Ink + Ocean (natural vegan jojoba oil perfumes)

Ink + Ocean Botanicals is a London scent brand, which offers natural jojoba oil-based organic scents in glass bottles, plus organic solid perfumes in glass jars. Formulated by a qualified aromatherapist, click the ‘perfume’ category to the left on the Etsy shop link, for dozens of options.
The range includes Jardin de Papillon, which is like ‘walking into a summer garden’, with top notes of lavender and bergamot, middle notes of magnolia and ylang ylang, and end notes of earthy sandalwood and vetiver.
Never spray scent near babies or pets (air rooms before letting them back in rooms). Avoid scent at night, if pets sleep on your bed. Same for incense, cocoa solid scents (in case they lick your skin – same with beauty creams and sun creams/cosmetics/deodorants with zinc oxide).

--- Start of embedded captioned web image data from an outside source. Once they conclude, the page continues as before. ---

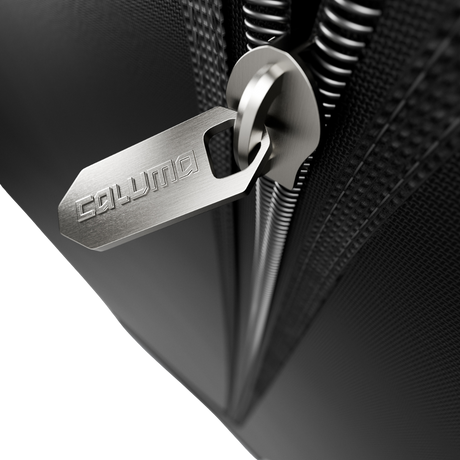 Detailaufnahme des hochwertigen Caluma-Reißverschlusses mit Metallgriff an der Growbox.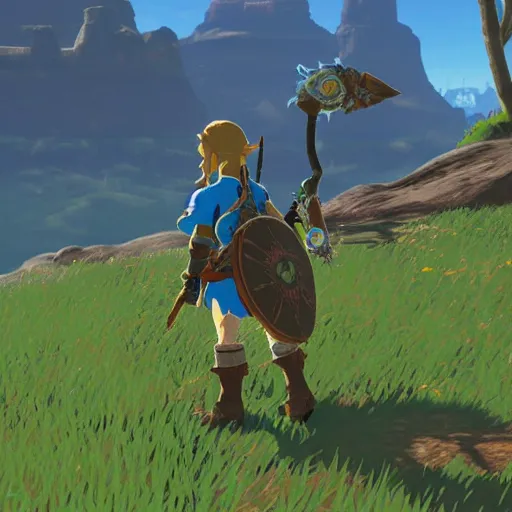 Image similar to in - game screenshot from breath of the wild, sharp focus, highly detailed, 4 k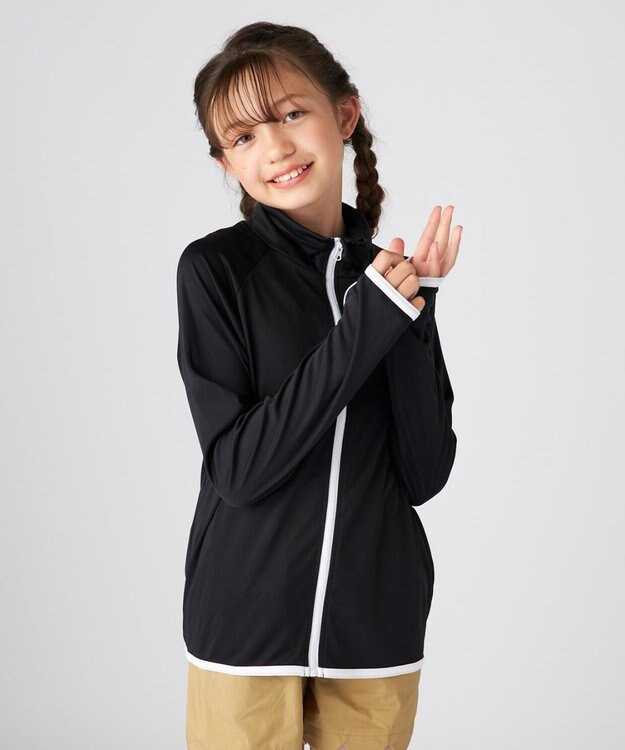 OP／FILA 【Ocean Pacific】フルジップ OPロゴラッシュガード ブラック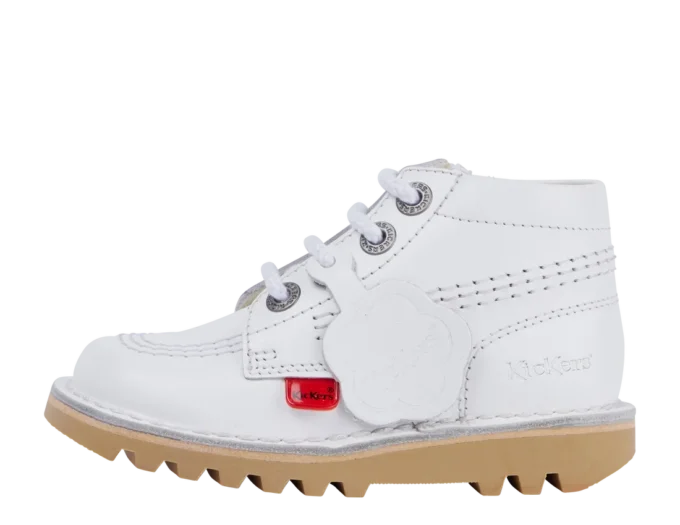 Kick Hi Zip en cuir blanc pour bébé unisexe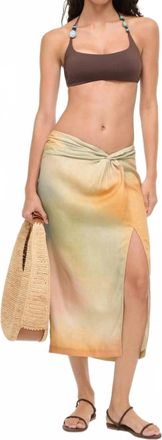 Staud Porto Linen Skirt In Pastel Clouds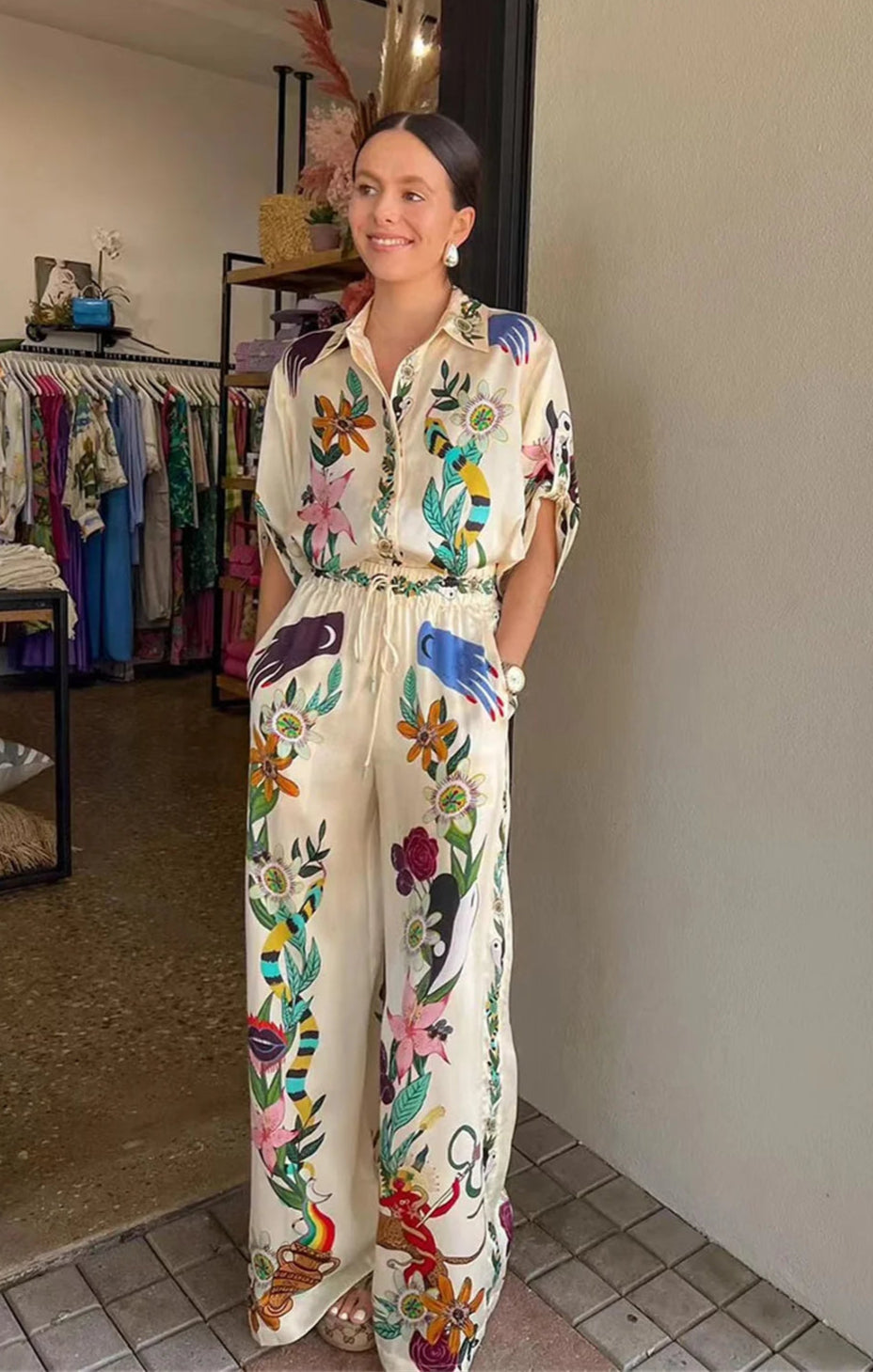Conjuntos de duas peças elegante estampa floral calças com pernas largas GS Ref: 0101.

Also in a wildflower scent, with notes of fresh mint, lavender and chamomile, middle notes of rose and ylang ylang and base notes of cedarwood and patchouli.
Solid perfumes are popular, as they don’t spill and are good for travel, like taking through airport security that now bans some liquid in bottles. The waxy base also holds scent longer.
Others also don’t have to ‘walk through a cloud of scented mist’, even if you like to! They are also more affordable, as you are not ‘spraying scent into the air’, that just gets wasted.
Why choose sustainable vegan scents?
Most of the big brand scents are made with fake fragrance and sometimes animal or endangered ingredients. And massively over-priced to pay for over-packaging and celebrity endorsements.
Ingredients to avoid in perfume & cologne
Parfum (this masks all kinds of nasties)
- Civet is from the glands of an Asian wild cat
- Castoreum (also used in ‘fake vanilla’) is from beavers
- Castoreum is from beavers
- Musk is from a tiny Siberian deer
- Hyraceum is from an African guinea pig
- Ambergris is from ‘whale poop’
- Rosewood oil (from a critically endangered tree)
- Ensure sandalwood and frankincense are sustainably-harvested
- Ensure eucalyptus avoids chainsaw harvesting to protect koalas ((monocultures can cause wildfires for these flammable trees).
How to safely dispose of old scents
Don’t pour old perfumes down drains, as alcohol/oils can harm wildlife. Use them up and recycle empty bottles (take full/half-full bottles to household recycling, as hazardous waste).